O feminismo é uma ético-política, talvez a única que faça diferença, porque apenas o feminismo consegue integrar a singularidade pessoal, o ser de cada pessoa, ao ser genérico, ao ser político, do qual estamos esquecidos.

No auge do sistema econômico e político da exploração do corpo e do tempo, o que ouvimos no cotidiano perturbado pela tendência autoritária, são discursos que servem para combater a política. Tais discursos visam acabar com o ser político que surge porque somos seres de relação, porque somos capazes de conversar e dialogar. O que chamo de ser político? Esse ser que em nós deseja uma democracia real e não desiste dela. Eu diria que todos os que pensam assim são feministas. Uma democracia que não seja feminista é fachada de democracia. A democracia é feminista ou não é democracia.
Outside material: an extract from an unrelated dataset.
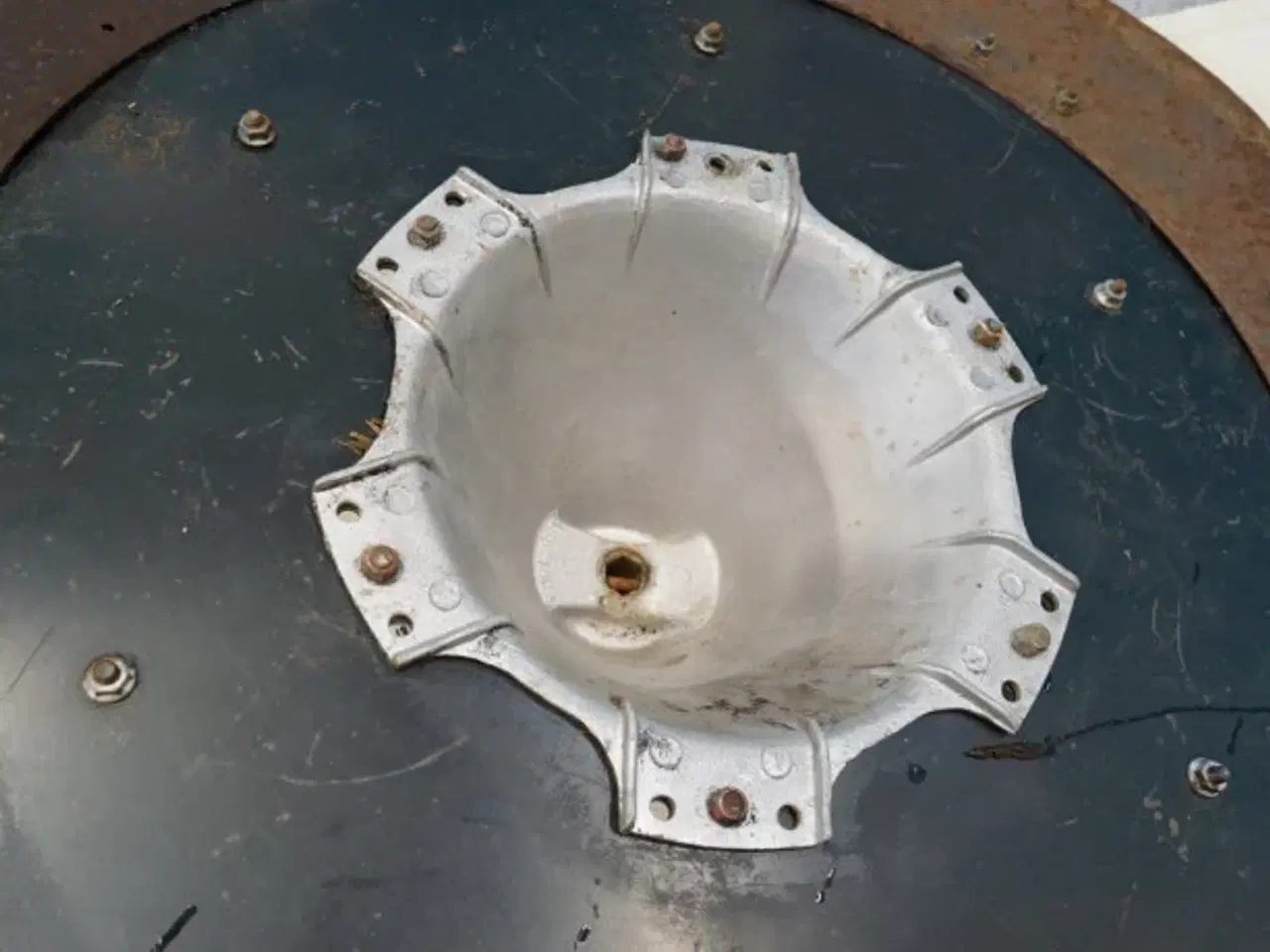 Billede 6 - Case 1620 Halmspreder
E por que estamos esquecidos de nosso ser político? Por que deixamos a democracia tornar-se acobertamento de processos econômicos anti-políticos? Ora, somos diariamente massacrados em nosso ser político. Os meios de comunicação, braço de plástico do autoritarismo do qual depende o sistema econômico, prega em nome do medo, do consumo, da produtividade vazia, do trabalho escravizante e sem sentido. Planta o ódio fascista que nada mais é do que o fim das relações entre as pessoas para que elas sirvam mansamente ao sistema que as aniquila.

Muitos se entregam à política do ressentimento que de política não tem nada. Ela é anti-política. É cheia de ódio, porque este ódio é o legado do patriarcado como sistema de exploração, o patriarcado que é a forma de gênero do sistema capitalista. A relação entre exploração de gênero e exploração econômica é evidente. A exploração da raça não deve ser esquecida. Por isso, sabemos que todo feminismo consistente tem no feminismo negro a sua fundamentação mais séria.

O desafio feminista desse momento é elevar a projeto de sociedade o diálogo feminista. Ele é modelo de democracia.